### WHAT TO DO:
Each entry should be transcribed exactly as written, and any picture left out.

### RECORDED DATA:
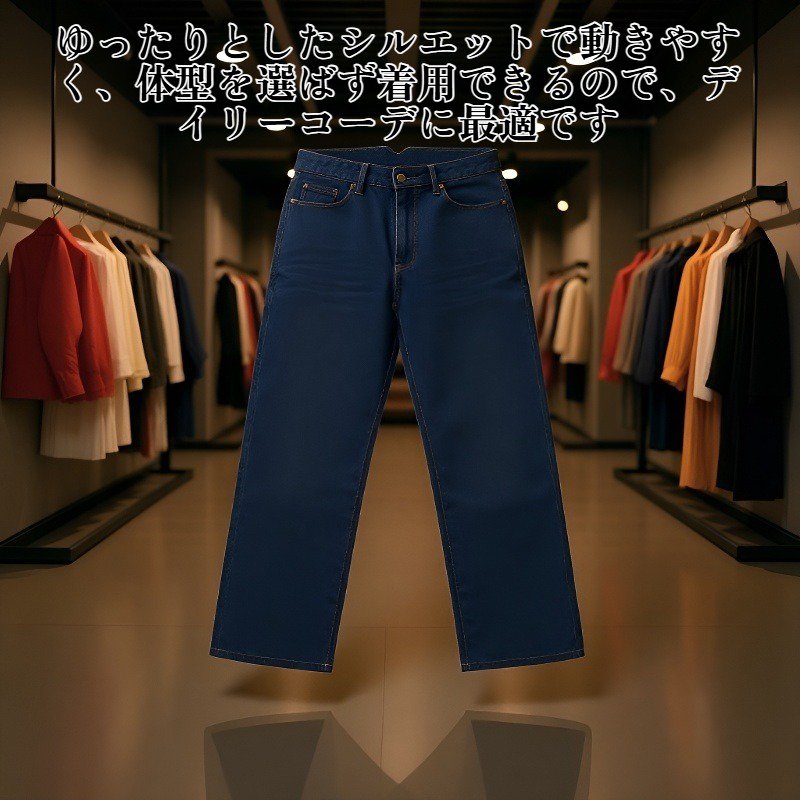 デニムオーバーオール全体画像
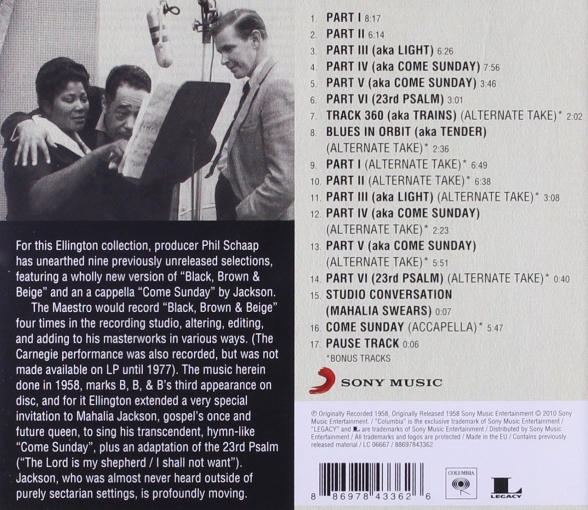 Duke Ellington, Mahalia Jackson: Black, Brown & Beige - CD Foto #2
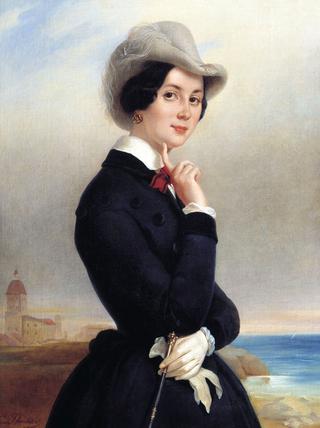 Portrait of V.V. Samoilova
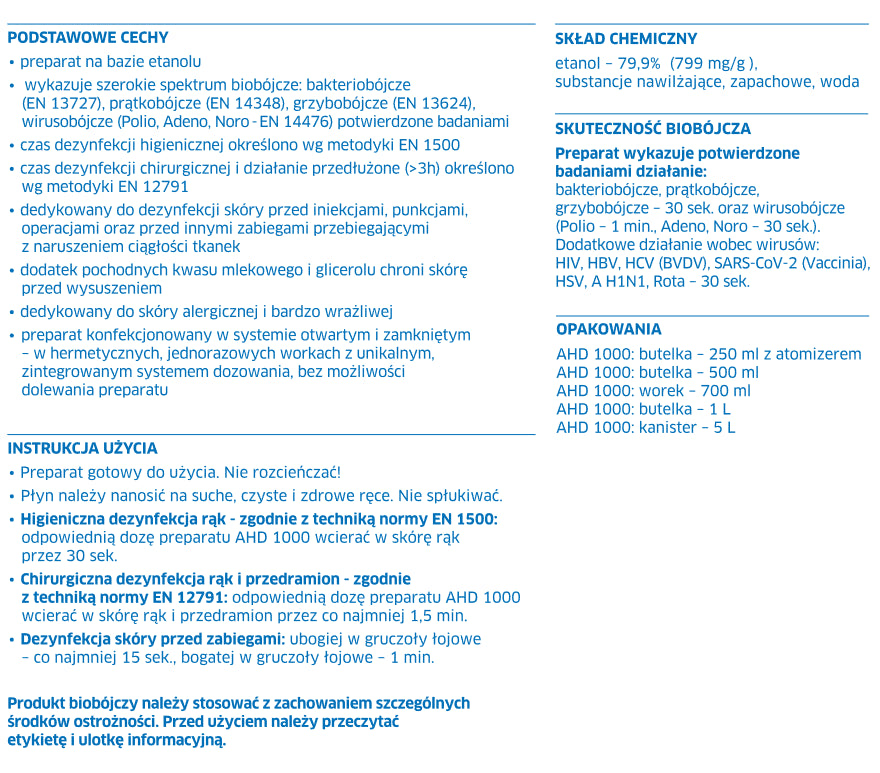 MEDILAB AHD 1000 250ML. SPRAY DO RĄK - dermes store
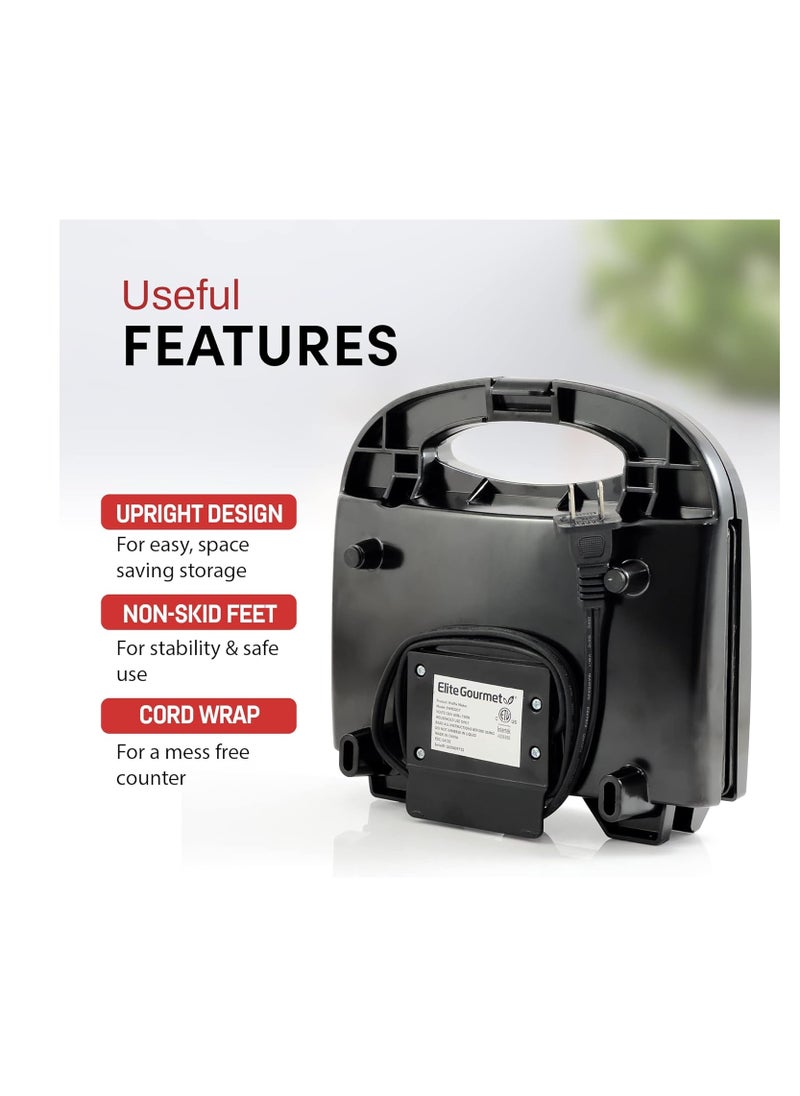 Generic - Electric Non Stick PFOA Free Belgian Waffle Maker Iron Breakfast, Sandwiches Snacks Burgers And More 2 Slice - Image 1
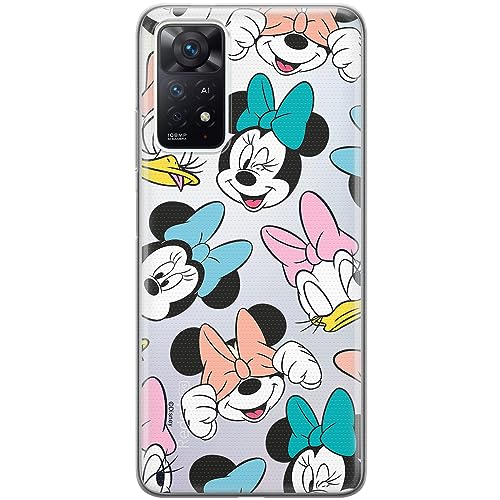 ERT GROUP etui na telefon Xiaomi REDMI NOTE 11 PRO 5G/ 11 PRO 4G, case oryginalny i oficjalnie licencjonowany przez Disney, wzór Disney Friends 018, plecki z TPU częściowo przeźroczyste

### TASK ANSWER:
 デニムオーバーオール全体画像
 Duke Ellington, Mahalia Jackson: Black, Brown & Beige - CD Foto #2
 Portrait of V.V. Samoilova
 MEDILAB AHD 1000 250ML. SPRAY DO RĄK - dermes store
 Generic - Electric Non Stick PFOA Free Belgian Waffle Maker Iron Breakfast, Sandwiches Snacks Burgers And More 2 Slice - Image 1
 ERT GROUP etui na telefon Xiaomi REDMI NOTE 11 PRO 5G/ 11 PRO 4G, case oryginalny i oficjalnie licencjonowany przez Disney, wzór Disney Friends 018, plecki z TPU częściowo przeźroczyste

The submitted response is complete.